WASHINGTON, D.C.- Congressman Don Young (R-AK), Vice Chair of the Democratic Caucus Congresswoman Katherine Clark (D-MA), and Congresswoman Kim Schrier (D-WA) introduced the Child Care Access Means Parents In School Reauthorization (CCAMPIS) Act, a bill that would provide $200 million annually in grant funding to support child care for student parents on college campuses.
“Pursuing higher education is one of the most important options for improving one’s life circumstances,” said Congressman Don Young. “Higher education is the pathway for many parents hoping to better their lives, learn a new trade, or simply increase their take-home pay. Unfortunately, a lack of affordable child care has cut short too many dreams of earning a college degree. I am proud to support Congresswoman Clark’s legislation to increase access to on-campus child care. Supporting Alaska’s parents by expanding access to high quality child care is not only the right thing to do, our state’s workforce depends on it.”

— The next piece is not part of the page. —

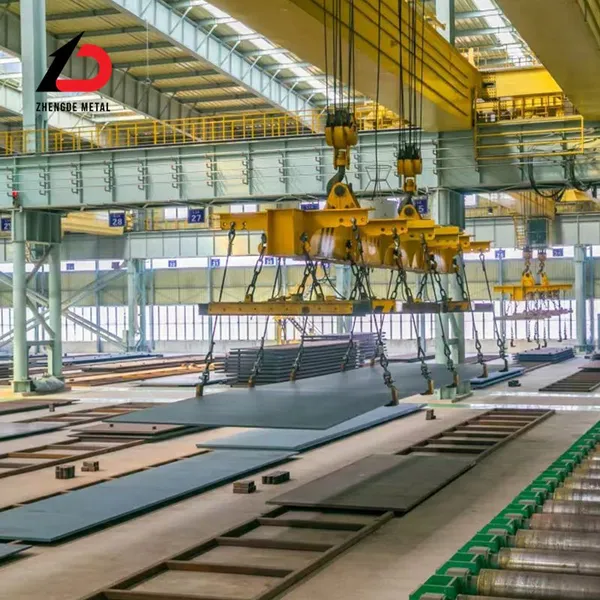 ASTM A131 Carbon Steel 12mm 6mm Ship Building Marine Steel Plate photo-5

“We know that the high cost of child care restricts parents from pursuing an education or a new career,” said Congresswoman Katherine Clark. “This legislation will give our student parents a fair shot at success and our children the foundational education that is vital to their future learning.”
“Many students attending college today are working parents – both young and more senior. Too often these students are not able to finish their degree because of reasons unrelated to school, such as excessive child care costs. I know that in Washington State, child care costs are more expensive than a public, four-year degree. This bill will help student parents stay in school and finish their degree by ensuring there is quality, affordable child care on or near campus,” said Congresswoman Kim Schrier, M.D.
Affordable, reliable child care is a crucial support for the nation’s 4.8 million student parents. While the population of student parents has increased by 50% over the last decade, access to child care on campuses has declined. For community colleges, access to on-campus child care dropped from 53 percent in 2003 to 42 percent in 2017. At four-year institutions, access declined from 54 to 48 percent over the same time.
The high cost of child care is an additional barrier for student parents, especially low-income families. Right now, the cost of child care exceeds the national average fees and tuition for a 4-year public university. As a result, student parents have significantly higher debt than their peers and further, are often unable to complete their education.
Improving access to high quality, dependable and affordable child care is one of the most effective ways colleges and universities can support low-income student parents.
The Child Care Access Means Parents in Schools (CCAMPIS) Reauthorization Act will:
- Reauthorize the CCAMPIS grant program, and increase funding to $200 million annually through 2025;
- Allows grant applicants to create annual performance metrics that are ambitious without being overly-burdensome;
- Offers the opportunity for a bonus payment or continuation of grant funding to eligible institutions;
- Requires the Department of Education to provide an annual report to Congress summarizing the impact of the CCAMPIS program.